**ACTIVITY**. Wherever a line in the data holds the word "Used", pull that line out.

═════ DATASET

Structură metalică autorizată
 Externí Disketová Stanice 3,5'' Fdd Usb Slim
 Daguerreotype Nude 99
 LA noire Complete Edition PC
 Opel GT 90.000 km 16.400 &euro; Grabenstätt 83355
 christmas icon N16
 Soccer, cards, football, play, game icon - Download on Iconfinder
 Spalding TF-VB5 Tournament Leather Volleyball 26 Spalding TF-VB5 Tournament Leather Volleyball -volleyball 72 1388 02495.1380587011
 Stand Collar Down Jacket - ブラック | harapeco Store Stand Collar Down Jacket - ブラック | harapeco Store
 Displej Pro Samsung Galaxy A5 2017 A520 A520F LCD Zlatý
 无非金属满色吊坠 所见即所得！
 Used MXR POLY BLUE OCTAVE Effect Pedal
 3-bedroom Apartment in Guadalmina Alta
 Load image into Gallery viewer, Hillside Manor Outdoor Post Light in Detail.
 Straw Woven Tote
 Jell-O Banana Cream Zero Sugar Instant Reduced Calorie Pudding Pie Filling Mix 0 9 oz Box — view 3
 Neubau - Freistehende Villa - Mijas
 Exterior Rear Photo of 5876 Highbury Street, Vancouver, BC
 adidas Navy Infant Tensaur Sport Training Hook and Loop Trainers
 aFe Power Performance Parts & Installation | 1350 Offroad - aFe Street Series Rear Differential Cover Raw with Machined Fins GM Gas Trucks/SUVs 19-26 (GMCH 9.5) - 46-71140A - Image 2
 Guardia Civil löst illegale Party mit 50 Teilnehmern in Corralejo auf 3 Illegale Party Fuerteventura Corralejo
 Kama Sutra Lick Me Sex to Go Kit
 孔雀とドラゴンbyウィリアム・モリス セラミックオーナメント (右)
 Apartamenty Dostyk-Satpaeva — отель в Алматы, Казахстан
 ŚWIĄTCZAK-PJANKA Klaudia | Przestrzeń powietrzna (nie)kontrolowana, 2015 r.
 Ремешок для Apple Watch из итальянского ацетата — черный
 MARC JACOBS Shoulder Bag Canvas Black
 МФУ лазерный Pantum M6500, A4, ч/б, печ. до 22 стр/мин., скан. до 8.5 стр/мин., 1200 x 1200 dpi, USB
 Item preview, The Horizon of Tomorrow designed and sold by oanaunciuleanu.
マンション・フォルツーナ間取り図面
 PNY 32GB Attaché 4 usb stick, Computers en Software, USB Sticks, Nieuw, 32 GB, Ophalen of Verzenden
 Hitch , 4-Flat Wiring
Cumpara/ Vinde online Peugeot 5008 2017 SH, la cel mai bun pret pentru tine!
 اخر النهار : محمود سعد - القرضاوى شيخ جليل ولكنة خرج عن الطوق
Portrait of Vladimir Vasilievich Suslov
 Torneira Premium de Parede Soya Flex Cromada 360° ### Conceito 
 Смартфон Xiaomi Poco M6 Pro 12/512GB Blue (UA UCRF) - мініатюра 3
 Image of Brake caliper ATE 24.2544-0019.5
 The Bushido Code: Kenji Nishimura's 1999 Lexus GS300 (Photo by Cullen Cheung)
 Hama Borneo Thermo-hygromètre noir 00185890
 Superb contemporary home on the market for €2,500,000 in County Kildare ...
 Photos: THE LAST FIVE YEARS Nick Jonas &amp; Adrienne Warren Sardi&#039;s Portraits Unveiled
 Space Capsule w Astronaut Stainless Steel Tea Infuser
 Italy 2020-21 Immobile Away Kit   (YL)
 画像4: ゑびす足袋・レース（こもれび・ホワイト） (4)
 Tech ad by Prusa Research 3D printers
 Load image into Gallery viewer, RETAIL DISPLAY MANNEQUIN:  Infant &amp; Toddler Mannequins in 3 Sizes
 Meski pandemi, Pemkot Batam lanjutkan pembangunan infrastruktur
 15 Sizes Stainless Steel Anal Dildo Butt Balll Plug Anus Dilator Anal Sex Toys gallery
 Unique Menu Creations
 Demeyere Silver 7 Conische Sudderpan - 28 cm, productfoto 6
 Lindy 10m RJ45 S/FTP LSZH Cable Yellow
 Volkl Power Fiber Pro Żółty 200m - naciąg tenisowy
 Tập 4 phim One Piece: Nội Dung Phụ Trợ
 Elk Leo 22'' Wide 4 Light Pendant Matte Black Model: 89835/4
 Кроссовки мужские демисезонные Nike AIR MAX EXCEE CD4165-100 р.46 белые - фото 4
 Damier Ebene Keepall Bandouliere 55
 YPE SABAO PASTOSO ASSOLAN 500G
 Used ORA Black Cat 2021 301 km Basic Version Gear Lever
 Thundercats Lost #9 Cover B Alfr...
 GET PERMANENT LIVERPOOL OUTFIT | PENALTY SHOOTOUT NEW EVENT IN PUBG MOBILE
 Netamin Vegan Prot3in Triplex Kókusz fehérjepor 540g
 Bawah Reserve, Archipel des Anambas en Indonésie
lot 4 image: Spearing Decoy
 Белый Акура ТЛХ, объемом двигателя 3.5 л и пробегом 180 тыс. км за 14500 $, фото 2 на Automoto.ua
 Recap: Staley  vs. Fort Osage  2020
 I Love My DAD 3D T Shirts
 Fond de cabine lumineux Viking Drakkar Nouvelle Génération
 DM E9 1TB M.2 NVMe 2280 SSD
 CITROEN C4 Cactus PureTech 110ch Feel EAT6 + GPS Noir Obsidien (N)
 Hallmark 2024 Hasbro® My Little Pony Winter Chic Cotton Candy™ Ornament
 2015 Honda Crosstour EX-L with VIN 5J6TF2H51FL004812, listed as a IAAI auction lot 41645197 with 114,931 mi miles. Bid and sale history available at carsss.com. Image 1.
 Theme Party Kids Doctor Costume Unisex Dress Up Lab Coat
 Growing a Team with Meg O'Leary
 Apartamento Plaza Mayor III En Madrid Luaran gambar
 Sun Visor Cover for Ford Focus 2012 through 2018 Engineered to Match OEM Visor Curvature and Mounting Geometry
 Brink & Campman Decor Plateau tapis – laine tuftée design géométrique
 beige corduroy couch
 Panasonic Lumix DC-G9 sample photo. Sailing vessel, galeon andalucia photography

══════════

**SOLVED PROBLEM**.
 Used MXR POLY BLUE OCTAVE Effect Pedal
 Used ORA Black Cat 2021 301 km Basic Version Gear Lever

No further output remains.